*** MATERIAL FOR THE TASK Section Begins ***

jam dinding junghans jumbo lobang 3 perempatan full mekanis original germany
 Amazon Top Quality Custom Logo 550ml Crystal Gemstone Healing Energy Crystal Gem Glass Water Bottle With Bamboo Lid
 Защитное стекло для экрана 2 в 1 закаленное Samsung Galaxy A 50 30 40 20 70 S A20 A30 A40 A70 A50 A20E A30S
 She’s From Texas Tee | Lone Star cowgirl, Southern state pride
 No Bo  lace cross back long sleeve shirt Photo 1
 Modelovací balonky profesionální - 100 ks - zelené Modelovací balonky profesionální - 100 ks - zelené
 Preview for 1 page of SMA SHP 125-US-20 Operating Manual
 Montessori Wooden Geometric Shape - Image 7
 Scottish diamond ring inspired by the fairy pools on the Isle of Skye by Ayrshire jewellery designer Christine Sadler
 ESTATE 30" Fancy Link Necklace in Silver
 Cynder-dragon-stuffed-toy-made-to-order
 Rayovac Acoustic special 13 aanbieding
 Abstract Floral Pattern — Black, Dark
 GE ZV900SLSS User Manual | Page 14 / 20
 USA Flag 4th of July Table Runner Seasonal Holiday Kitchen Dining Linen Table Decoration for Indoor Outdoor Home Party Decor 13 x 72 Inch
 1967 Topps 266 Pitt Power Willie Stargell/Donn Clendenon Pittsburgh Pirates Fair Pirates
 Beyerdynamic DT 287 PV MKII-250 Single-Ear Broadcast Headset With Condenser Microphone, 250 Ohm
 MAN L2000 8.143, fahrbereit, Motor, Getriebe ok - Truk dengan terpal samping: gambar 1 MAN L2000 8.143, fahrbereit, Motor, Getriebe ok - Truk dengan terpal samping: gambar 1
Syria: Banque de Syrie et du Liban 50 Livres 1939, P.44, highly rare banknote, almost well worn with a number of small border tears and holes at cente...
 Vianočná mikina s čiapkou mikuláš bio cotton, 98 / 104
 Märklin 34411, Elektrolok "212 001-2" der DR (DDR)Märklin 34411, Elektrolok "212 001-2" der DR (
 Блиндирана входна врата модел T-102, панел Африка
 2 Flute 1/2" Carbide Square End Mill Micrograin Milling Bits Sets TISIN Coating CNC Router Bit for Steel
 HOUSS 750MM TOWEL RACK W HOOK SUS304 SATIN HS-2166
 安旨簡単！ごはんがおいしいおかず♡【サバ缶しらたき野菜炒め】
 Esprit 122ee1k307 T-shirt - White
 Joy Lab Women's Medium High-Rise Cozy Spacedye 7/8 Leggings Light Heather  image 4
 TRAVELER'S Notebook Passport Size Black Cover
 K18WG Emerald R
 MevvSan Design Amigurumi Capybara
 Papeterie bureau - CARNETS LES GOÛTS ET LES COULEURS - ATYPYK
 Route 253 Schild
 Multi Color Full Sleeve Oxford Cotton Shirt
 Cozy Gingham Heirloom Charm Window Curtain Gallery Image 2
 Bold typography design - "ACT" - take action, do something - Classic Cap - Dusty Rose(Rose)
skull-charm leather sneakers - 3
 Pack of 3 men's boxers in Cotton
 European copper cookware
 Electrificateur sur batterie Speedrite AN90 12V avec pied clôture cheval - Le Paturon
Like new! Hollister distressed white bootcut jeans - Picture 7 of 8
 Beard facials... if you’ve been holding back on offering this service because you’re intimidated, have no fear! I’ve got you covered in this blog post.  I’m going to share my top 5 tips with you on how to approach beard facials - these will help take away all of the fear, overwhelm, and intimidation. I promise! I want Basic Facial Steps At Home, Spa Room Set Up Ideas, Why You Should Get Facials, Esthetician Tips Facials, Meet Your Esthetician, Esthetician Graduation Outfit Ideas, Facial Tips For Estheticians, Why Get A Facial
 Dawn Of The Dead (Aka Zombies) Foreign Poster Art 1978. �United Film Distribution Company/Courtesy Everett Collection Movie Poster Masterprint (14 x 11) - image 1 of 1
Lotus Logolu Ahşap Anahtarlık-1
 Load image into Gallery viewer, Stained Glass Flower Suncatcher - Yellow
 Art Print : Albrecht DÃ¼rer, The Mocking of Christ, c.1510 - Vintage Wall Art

*** MATERIAL FOR THE TASK Section Ends ***

Set every record down again, exactly as given.

jam dinding junghans jumbo lobang 3 perempatan full mekanis original germany
 Amazon Top Quality Custom Logo 550ml Crystal Gemstone Healing Energy Crystal Gem Glass Water Bottle With Bamboo Lid
 Защитное стекло для экрана 2 в 1 закаленное Samsung Galaxy A 50 30 40 20 70 S A20 A30 A40 A70 A50 A20E A30S
 She’s From Texas Tee | Lone Star cowgirl, Southern state pride
 No Bo  lace cross back long sleeve shirt Photo 1
 Modelovací balonky profesionální - 100 ks - zelené Modelovací balonky profesionální - 100 ks - zelené
 Preview for 1 page of SMA SHP 125-US-20 Operating Manual
 Montessori Wooden Geometric Shape - Image 7
 Scottish diamond ring inspired by the fairy pools on the Isle of Skye by Ayrshire jewellery designer Christine Sadler
 ESTATE 30" Fancy Link Necklace in Silver
 Cynder-dragon-stuffed-toy-made-to-order
 Rayovac Acoustic special 13 aanbieding
 Abstract Floral Pattern — Black, Dark
 GE ZV900SLSS User Manual | Page 14 / 20
 USA Flag 4th of July Table Runner Seasonal Holiday Kitchen Dining Linen Table Decoration for Indoor Outdoor Home Party Decor 13 x 72 Inch
 1967 Topps 266 Pitt Power Willie Stargell/Donn Clendenon Pittsburgh Pirates Fair Pirates
 Beyerdynamic DT 287 PV MKII-250 Single-Ear Broadcast Headset With Condenser Microphone, 250 Ohm
 MAN L2000 8.143, fahrbereit, Motor, Getriebe ok - Truk dengan terpal samping: gambar 1 MAN L2000 8.143, fahrbereit, Motor, Getriebe ok - Truk dengan terpal samping: gambar 1
Syria: Banque de Syrie et du Liban 50 Livres 1939, P.44, highly rare banknote, almost well worn with a number of small border tears and holes at cente...
 Vianočná mikina s čiapkou mikuláš bio cotton, 98 / 104
 Märklin 34411, Elektrolok "212 001-2" der DR (DDR)Märklin 34411, Elektrolok "212 001-2" der DR (
 Блиндирана входна врата модел T-102, панел Африка
 2 Flute 1/2" Carbide Square End Mill Micrograin Milling Bits Sets TISIN Coating CNC Router Bit for Steel
 HOUSS 750MM TOWEL RACK W HOOK SUS304 SATIN HS-2166
 安旨簡単！ごはんがおいしいおかず♡【サバ缶しらたき野菜炒め】
 Esprit 122ee1k307 T-shirt - White
 Joy Lab Women's Medium High-Rise Cozy Spacedye 7/8 Leggings Light Heather  image 4
 TRAVELER'S Notebook Passport Size Black Cover
 K18WG Emerald R
 MevvSan Design Amigurumi Capybara
 Papeterie bureau - CARNETS LES GOÛTS ET LES COULEURS - ATYPYK
 Route 253 Schild
 Multi Color Full Sleeve Oxford Cotton Shirt
 Cozy Gingham Heirloom Charm Window Curtain Gallery Image 2
 Bold typography design - "ACT" - take action, do something - Classic Cap - Dusty Rose(Rose)
skull-charm leather sneakers - 3
 Pack of 3 men's boxers in Cotton
 European copper cookware
 Electrificateur sur batterie Speedrite AN90 12V avec pied clôture cheval - Le Paturon
Like new! Hollister distressed white bootcut jeans - Picture 7 of 8
 Beard facials... if you’ve been holding back on offering this service because you’re intimidated, have no fear! I’ve got you covered in this blog post.  I’m going to share my top 5 tips with you on how to approach beard facials - these will help take away all of the fear, overwhelm, and intimidation. I promise! I want Basic Facial Steps At Home, Spa Room Set Up Ideas, Why You Should Get Facials, Esthetician Tips Facials, Meet Your Esthetician, Esthetician Graduation Outfit Ideas, Facial Tips For Estheticians, Why Get A Facial
 Dawn Of The Dead (Aka Zombies) Foreign Poster Art 1978. �United Film Distribution Company/Courtesy Everett Collection Movie Poster Masterprint (14 x 11) - image 1 of 1
Lotus Logolu Ahşap Anahtarlık-1
 Load image into Gallery viewer, Stained Glass Flower Suncatcher - Yellow
 Art Print : Albrecht DÃ¼rer, The Mocking of Christ, c.1510 - Vintage Wall Art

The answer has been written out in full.